You know her even if you think you don't -- whenever she turns up in a movie - big budget (Shutter Island, No Reservations,) or independent ( Pieces of April, The Station Agent, Lars and The Real Girl) you think "Oh good, she's in it."
(She even brings quality and class to a SNL digital short when she joins Susan Sarandon to play MILFS to Andy Samberg and Justin Timberlake).
Cairo Time, however, is Patricia Clarkson's finest hour -- a performance of simplicity, perfection and artistry. She plays Juliette, a magazine editor and mother of two grown children who has traveled to Cairo to join her husband but finds him delayed in Gaza with his work there for the U.N. She finds herself in the company of her husband's colleague and friend, the Egyptian Tareq, played with equal force and delicacy by Alexander Siddig. It's their love story -- ever so slowly these two shy, sensitive middle-aged people discover themselves as a couple.
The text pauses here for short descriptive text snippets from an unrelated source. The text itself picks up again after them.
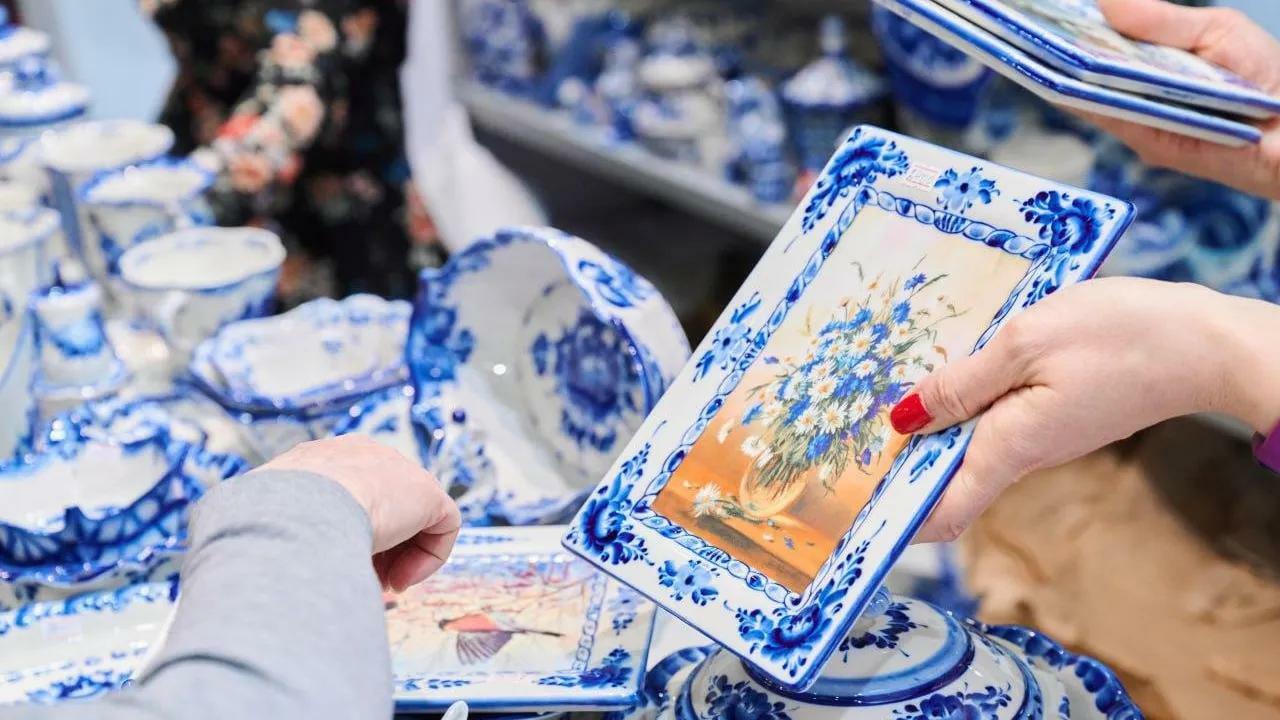 Traditional Gzhel blue and white ceramics and dishes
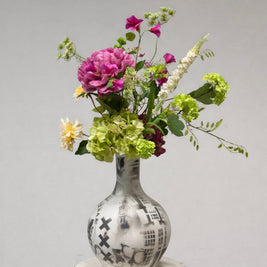 modern roze boeket met hortensia en bloemen in Amsterdam vaas, luxe zijdenbloemen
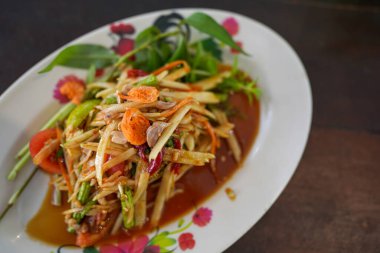 Tayland yemeği papaya salatası, adı Som Tam, ünlü geleneksel Tayland yemeğidir, baharatlı ve sıcak..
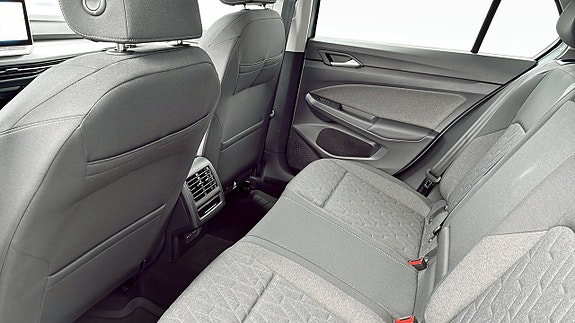 Volkswagen Golf VIII 11 of 12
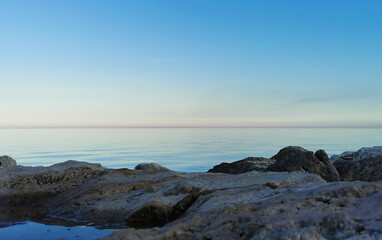 Tramonto sul mare Adriatico visto dagli scogli del molo
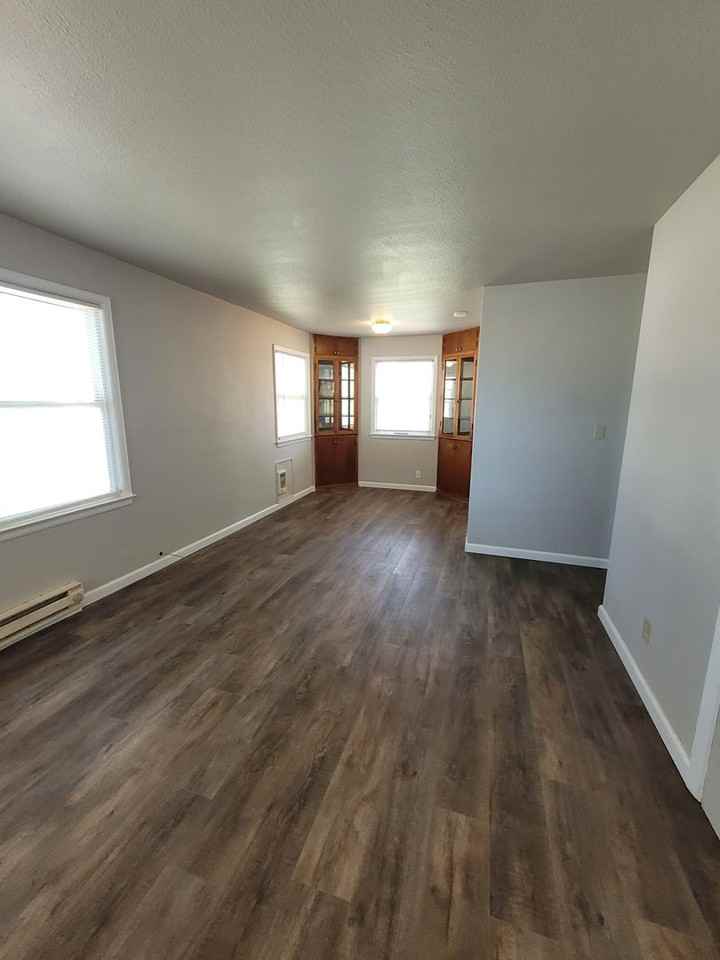 613 E Division Ave - Photo 2 of 18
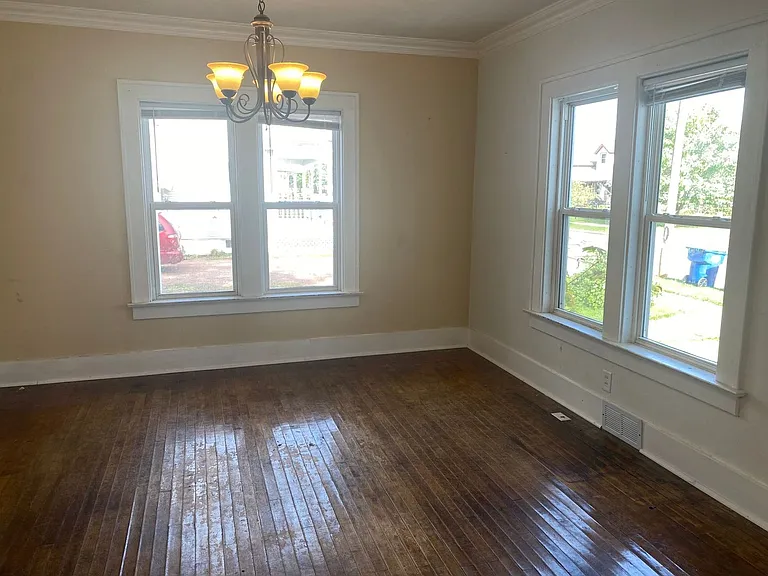 420 Elm St — Photo 3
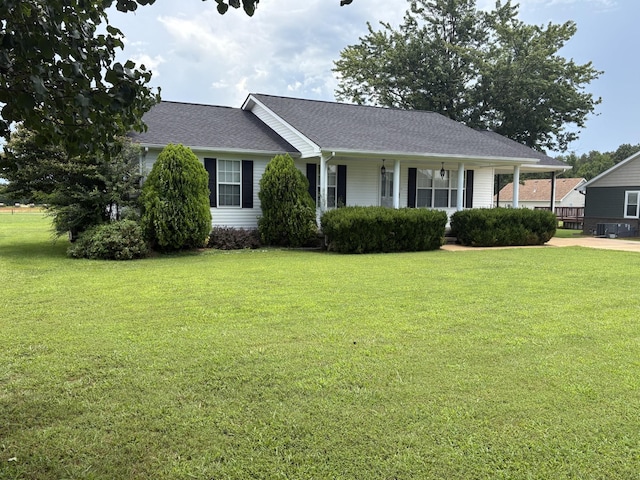 685 Edgefield Dr, Hohenwald, TN 38462 - single story home with a front yard, covered porch, and roof with shingles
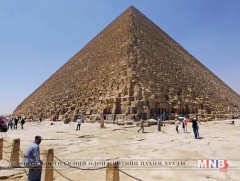 Египетийн Гиза пирамидын ойролцоо бөмбөг дэлбэрчээ  
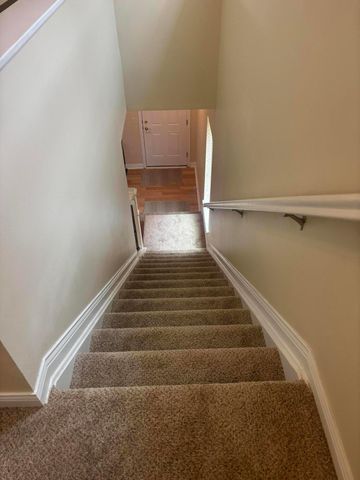 206 Lamplight Court, Delaware, OH 43015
The sheer physicality of both performances is masterful -- their body language vies with the desert scenery for impact and emotional charge. They begin apart -- reserved, buttoned-up, almost awkward and by the film's conclusion are able to sit next to each other at the pyramids at dawn in evening clothes and share an intimacy without ever touching that is, well, just something to see. A love story all the more delicate and powerful because of what doesn't happen. A real adult film.
Clarkson doesn't just master a role, she conquers it -- projecting whatever character is called for so forcefully that it can't quite be acting. Kindness and wisdom in Lars and the Real Girl, sorrow and edge in The Station Agent, and sheer beauty in Cairo Time -- this is talent, skill, a lifelong commitment to an art and just a substantial person.
And she's not famous. We don't know her back story, her love life, her private side, we don't know her at all. Which seems to be her choice -- a great New York Times profile www.nytimes.com/2010/0/01/movies/01clarksonhtml?recently revealed she doesn't have an assistant or a computer. She's sort of a female Stanley Tucci -- hugely talented, so smart and scene-stealing it must cost both some roles and yet often unsung when it comes to tabloids, talk shows and the red carpet.
In fact this formidable pair collaborated on a strange, ill-fated film called Blind Date some years back that was only good because they were in it, and are together again as parents in the upcoming Easy A. Watch them own it.
If Patricia Clarkson has deliberately chosen roles that keep her profile low I'm afraid she's running out of time -- she's someone who makes the world feel right because she's in it.